Depois de alimentar a ilusão de que estava a dar o melhor de mim para me sentir bem, acabei por fazer aquilo que se faz quando não estamos em sintonia completa connosco: tentei que o exterior me desse aquilo de que eu precisava: “Talvez precise de passear mais; talvez precise de namorar mais; talvez precise de fazer mais; talvez precise…” – e debitei uma lista de coisas de que precisava (extensa e maçuda).

Precisar. Quando se precisa de algo, busca-se a resposta na carência. E na carência nada nasce. Só da abundância é que alguma coisa brota. Precisei então de perceber que não precisava de nada. E foi ele que me disse isso. Foi o Tiago, com a sua sensibilidade incrível, que me ajudou a ver o que hoje não estava a conseguir alcançar:

“Não precisas de precisar. Para e enche–te a ti mesma. Sem nada nem ninguém.”

Levantei-me do sofá e fui meditar. Já não o fazia há tanto tempo. Não sei porquê, mas estava resistente ao silêncio (são fases, não é?). Fui parar, fui respirar, fui ouvir-me. Custou-me tanto, no início. A mente acelerada, a respiração ofegante, a ansiedade em bruto. O medo de falhar a aparecer-me à frente, como se fosse uma bola de fogo.

“Não precisas de precisar.”

E agora estou a escrever-vos.
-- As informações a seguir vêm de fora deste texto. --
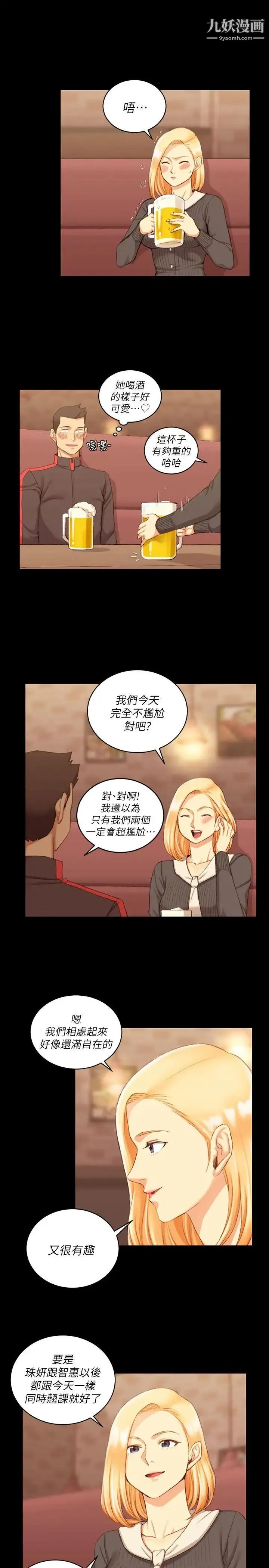 迎新小套房 - 第32话-感觉今晚会"那个" - page 23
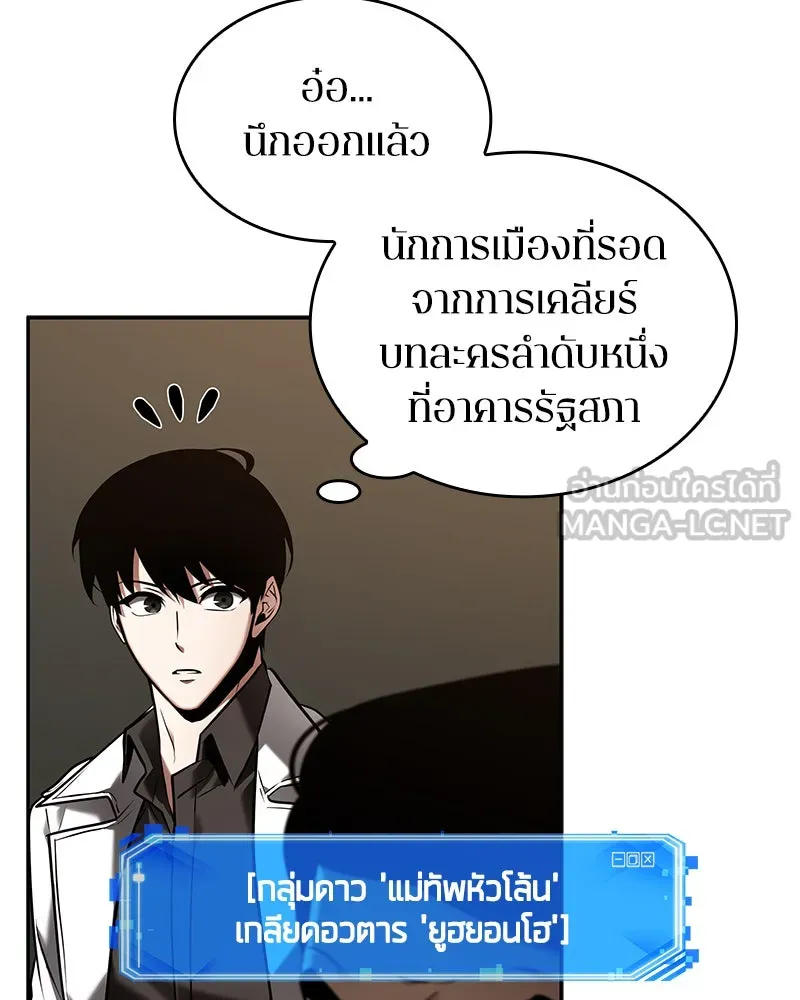 Omniscient Reader อ่านชะตาวันสิ้นโลก ตอนที่ 23 โลกที่ถูกทอดทิ้ง (3) รูปที่ 39
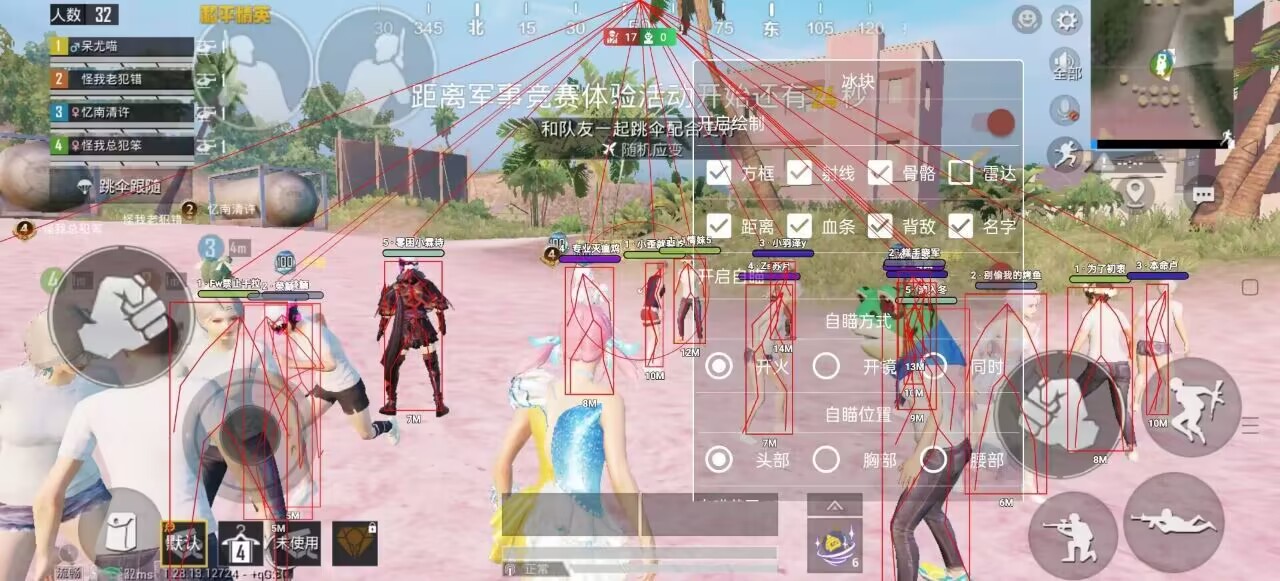 和平精英辅助插件【血轮眼👁改文件】每周更新3次保证稳定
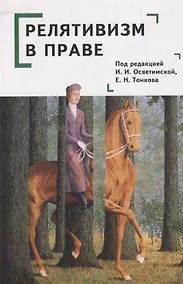 Купить Релятивизм в праве: коллективная монография — Фото №1
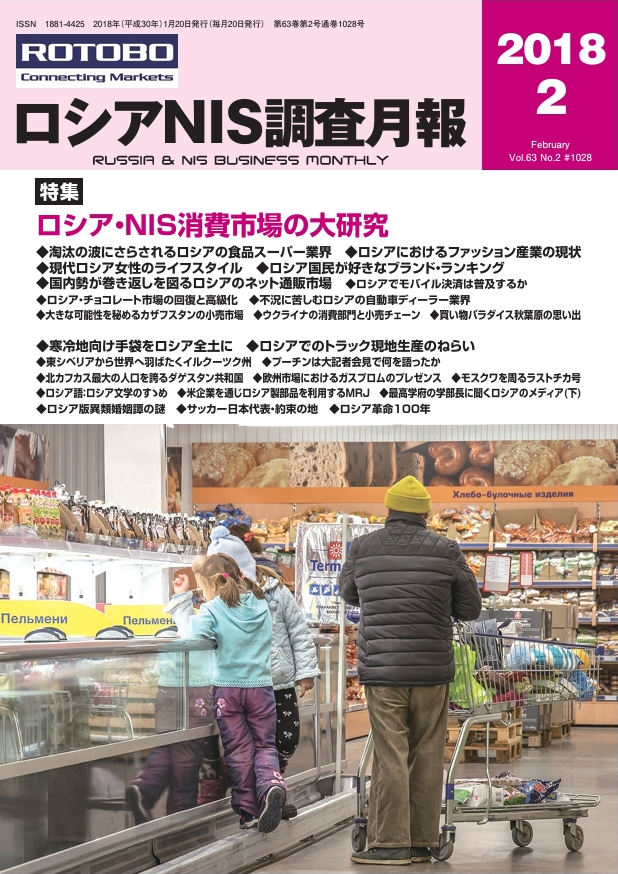 ロシアNIS調査月報 2018年２月号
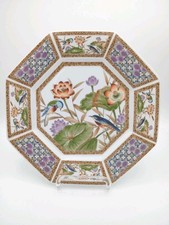 Octagon oriental garden for sale  Vancouver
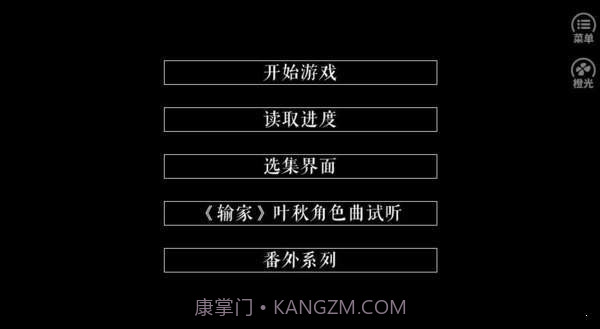 爱不离截图2 爱不离截图2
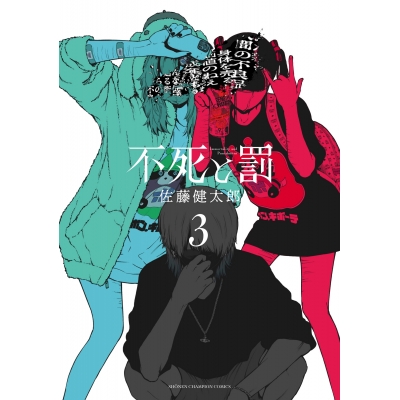 【コミック】不死と罰(3)
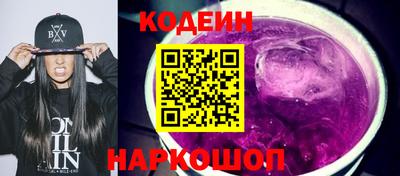 стаф Старая Купавна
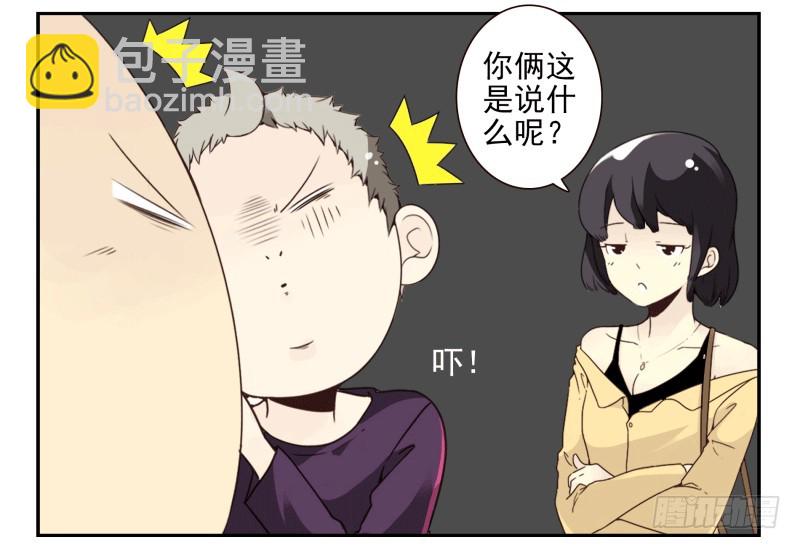 第四季61-62：这是秘密19
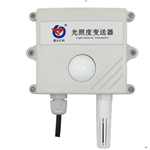 光照度变送器传感器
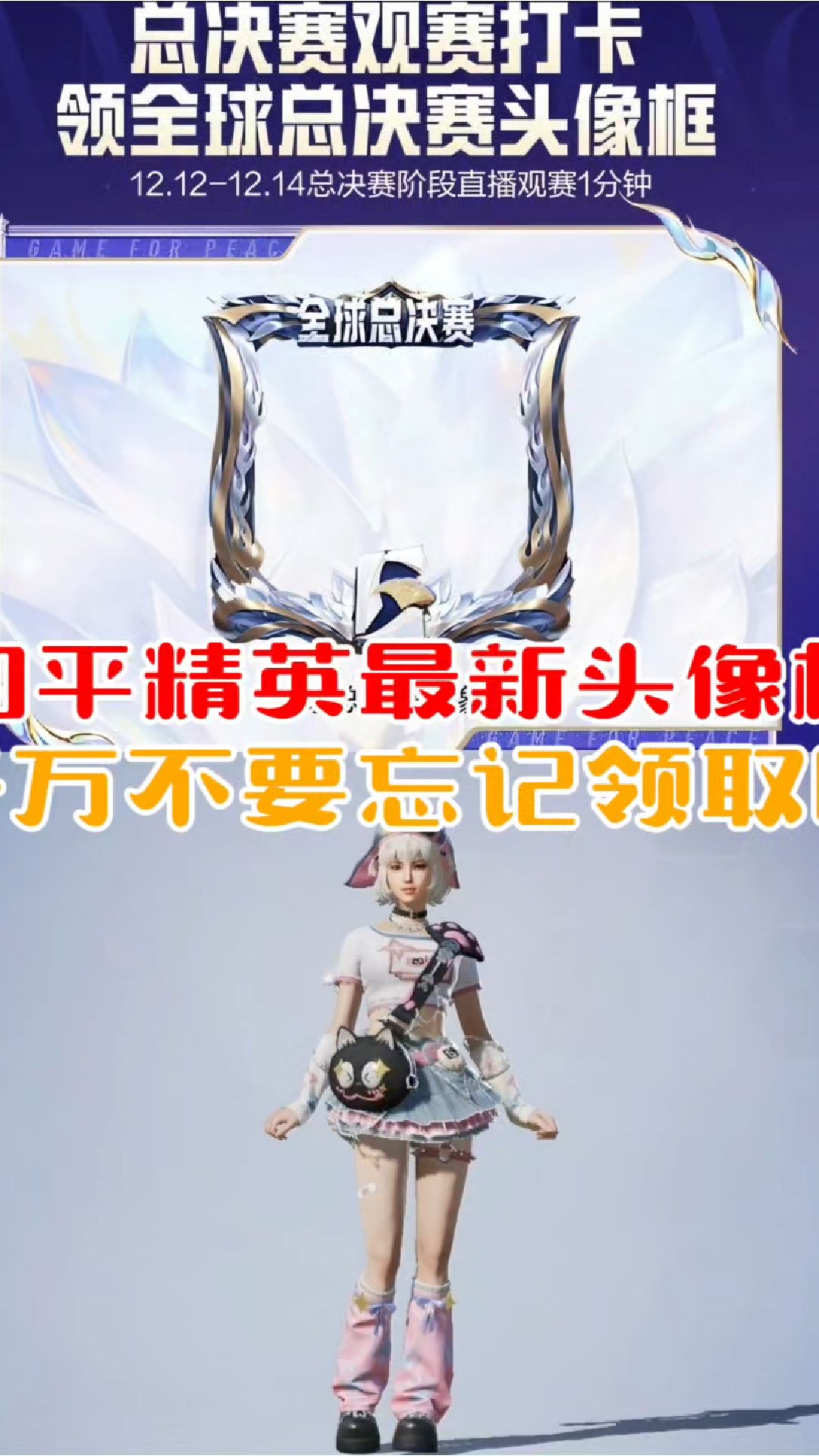 和平精英最新的头像框,千万不要忘记领取哦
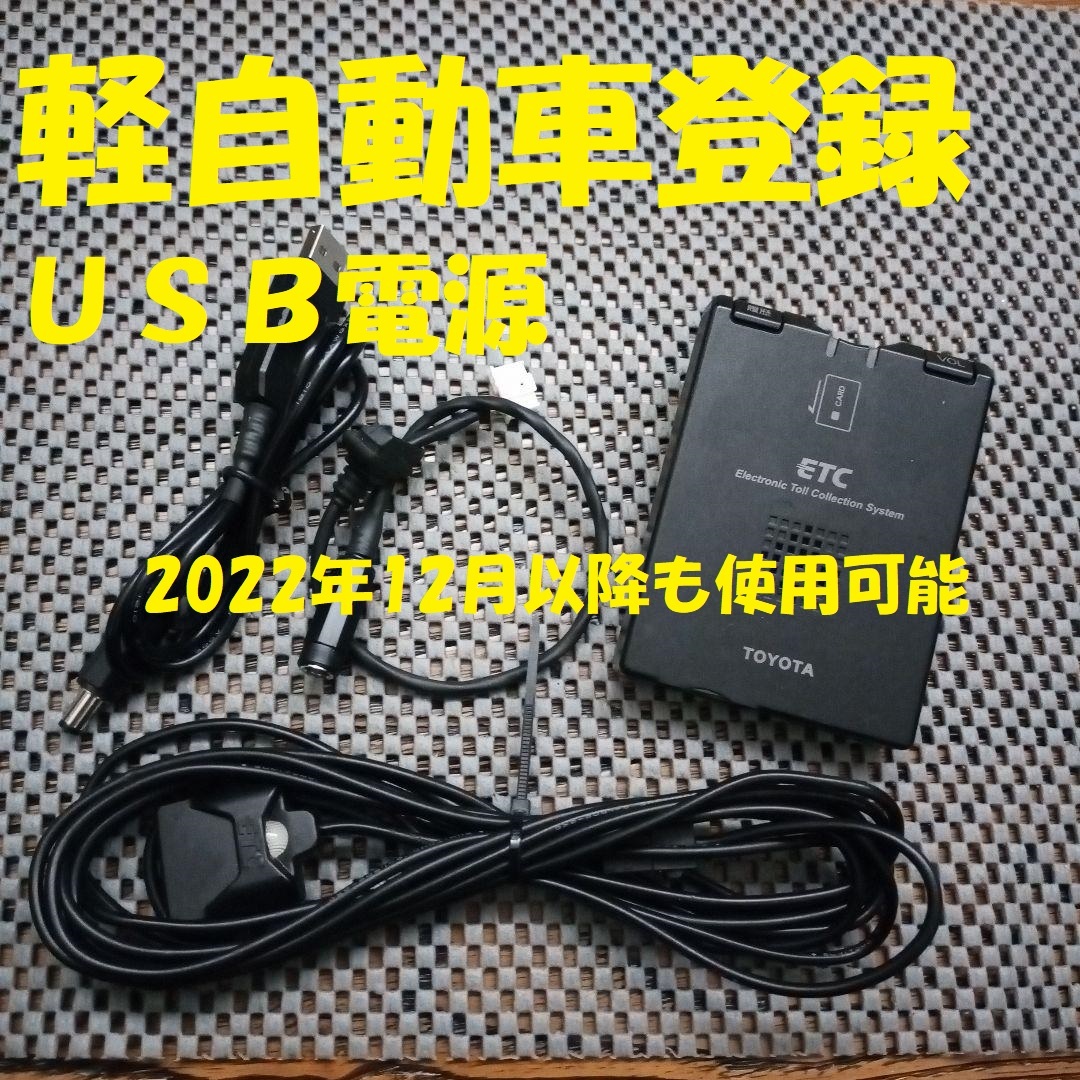 超激得，低価】 新規格対応2030年迄使用可能 DENSO トヨタ純正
Estou mais calma, com a minha música de fundo, a encarar o meu lado-sombra da melhor forma que posso. Bem sei que tenho a sorte gigante de ter ao meu lado alguém que me ajuda a expandir. Alguém que me elucida quando não estou a ser verdadeira comigo. Alguém que me ajuda a estar mais perto de mim. Adormeci com a convicção que me acompanha desde a meditação: o amor é expansão. O amor é expansão. E se tenho esta sorte comigo (é rico aquele que não sobe à montanha sozinho), acho que devo partilhar o que aprendi. Talvez sirva a alguém.

Tenho percebido que não é lá fora que se encontra a solução. Não é no movimento, na agitação. É na calma, no silêncio, no interior. Se assim acharem (o que é para mim não tem de ser para os outros), é na meditação também.

O trabalho da paz é constante. Espero não voltar a esquecer-me disso. Dizer-vos ajuda-me a relembrar. Porque é preciso saber que um dia podemos ir para o outro lado e não conseguirmos voltar. De qualquer forma, ninguém é totalmente estável nem equilibrado. Estamos embrenhados em confusões e corremos em viagens internas que nos fazem ir e voltar. Mas cá entre nós, ficando ou voltando, a verdade é que, no fundo, somos todos malucos.